Transcribe the listing below verbatim, omitting pictures.

> Information shown:
--------

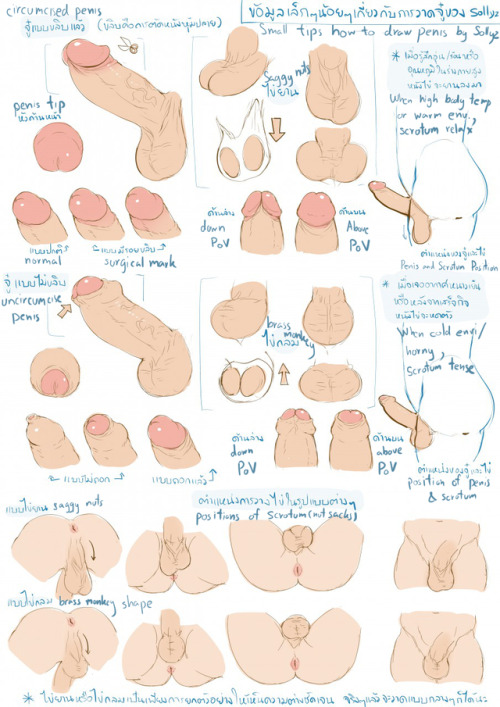 sollyzsundyz:How to draw penis-chan x3 sollyz version.sorry...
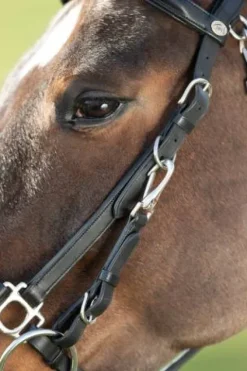 New Bridon - Licol Combo Bridons Et Brides·Bridon Licol|Bridons Et Brides·Bridon Cuir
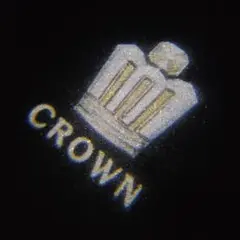 ✨圧倒的存在感✨ クラウン CROWNロゴ カーテシランプ 2個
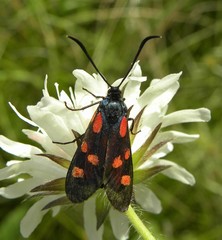 Zygaena angelicae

--------

> Your solution:
 sollyzsundyz:How to draw penis-chan x3 sollyz version.sorry...
 New Bridon - Licol Combo Bridons Et Brides·Bridon Licol|Bridons Et Brides·Bridon Cuir
 ✨圧倒的存在感✨ クラウン CROWNロゴ カーテシランプ 2個
 Zygaena angelicae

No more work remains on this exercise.